**Task brief**
How many lines in the records below contain "Heart"? Reply with the number only.

Short web captions
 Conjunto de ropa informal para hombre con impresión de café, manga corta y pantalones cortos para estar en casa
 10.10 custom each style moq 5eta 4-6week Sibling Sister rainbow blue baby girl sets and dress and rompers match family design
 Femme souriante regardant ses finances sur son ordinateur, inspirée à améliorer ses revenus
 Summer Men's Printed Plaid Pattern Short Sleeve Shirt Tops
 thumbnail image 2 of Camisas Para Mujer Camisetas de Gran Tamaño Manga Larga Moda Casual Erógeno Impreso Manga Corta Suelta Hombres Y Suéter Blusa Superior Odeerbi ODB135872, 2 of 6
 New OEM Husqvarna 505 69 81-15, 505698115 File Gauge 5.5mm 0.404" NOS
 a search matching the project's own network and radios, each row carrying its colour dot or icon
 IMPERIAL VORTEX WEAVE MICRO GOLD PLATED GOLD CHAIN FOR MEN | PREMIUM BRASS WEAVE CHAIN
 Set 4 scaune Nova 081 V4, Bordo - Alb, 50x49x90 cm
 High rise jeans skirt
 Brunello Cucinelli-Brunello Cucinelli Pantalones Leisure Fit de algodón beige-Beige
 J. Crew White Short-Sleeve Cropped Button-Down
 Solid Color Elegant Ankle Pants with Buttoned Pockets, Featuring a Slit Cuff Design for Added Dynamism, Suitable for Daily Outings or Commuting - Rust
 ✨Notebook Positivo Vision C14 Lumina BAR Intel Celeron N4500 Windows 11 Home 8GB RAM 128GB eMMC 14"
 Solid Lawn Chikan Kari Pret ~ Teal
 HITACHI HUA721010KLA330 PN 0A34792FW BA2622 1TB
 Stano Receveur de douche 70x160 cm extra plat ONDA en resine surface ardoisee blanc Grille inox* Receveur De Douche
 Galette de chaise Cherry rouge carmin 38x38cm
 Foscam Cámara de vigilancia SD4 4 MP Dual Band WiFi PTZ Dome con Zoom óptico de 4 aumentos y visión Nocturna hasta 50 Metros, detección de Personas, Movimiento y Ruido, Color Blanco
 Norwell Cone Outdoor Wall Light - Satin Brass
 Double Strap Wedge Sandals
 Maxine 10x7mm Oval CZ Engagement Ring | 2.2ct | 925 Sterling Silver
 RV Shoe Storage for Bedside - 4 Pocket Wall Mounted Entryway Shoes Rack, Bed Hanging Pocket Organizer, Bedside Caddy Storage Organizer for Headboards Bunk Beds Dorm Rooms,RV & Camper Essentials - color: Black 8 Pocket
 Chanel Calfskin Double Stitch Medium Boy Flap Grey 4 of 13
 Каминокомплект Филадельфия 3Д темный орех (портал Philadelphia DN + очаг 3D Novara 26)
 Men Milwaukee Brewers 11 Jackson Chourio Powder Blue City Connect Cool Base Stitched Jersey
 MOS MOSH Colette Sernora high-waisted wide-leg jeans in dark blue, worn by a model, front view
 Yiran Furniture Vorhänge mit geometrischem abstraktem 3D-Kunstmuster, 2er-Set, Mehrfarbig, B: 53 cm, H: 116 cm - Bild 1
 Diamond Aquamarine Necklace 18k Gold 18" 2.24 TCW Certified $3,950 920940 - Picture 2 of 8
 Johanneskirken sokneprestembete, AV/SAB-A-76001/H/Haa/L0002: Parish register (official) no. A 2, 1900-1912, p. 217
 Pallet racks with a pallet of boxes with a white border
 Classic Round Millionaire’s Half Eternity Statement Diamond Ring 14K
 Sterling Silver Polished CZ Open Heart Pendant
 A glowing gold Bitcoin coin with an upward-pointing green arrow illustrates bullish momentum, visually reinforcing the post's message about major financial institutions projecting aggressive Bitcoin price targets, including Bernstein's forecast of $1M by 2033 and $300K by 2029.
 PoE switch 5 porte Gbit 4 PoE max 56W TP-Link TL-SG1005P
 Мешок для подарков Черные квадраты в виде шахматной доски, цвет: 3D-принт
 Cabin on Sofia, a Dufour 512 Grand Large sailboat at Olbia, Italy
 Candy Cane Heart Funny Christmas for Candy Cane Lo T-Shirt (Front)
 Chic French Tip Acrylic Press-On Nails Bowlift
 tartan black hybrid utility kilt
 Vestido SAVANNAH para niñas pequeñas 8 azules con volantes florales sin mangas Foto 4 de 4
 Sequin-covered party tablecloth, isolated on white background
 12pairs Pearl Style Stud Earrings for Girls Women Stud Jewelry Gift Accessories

**Solution**
2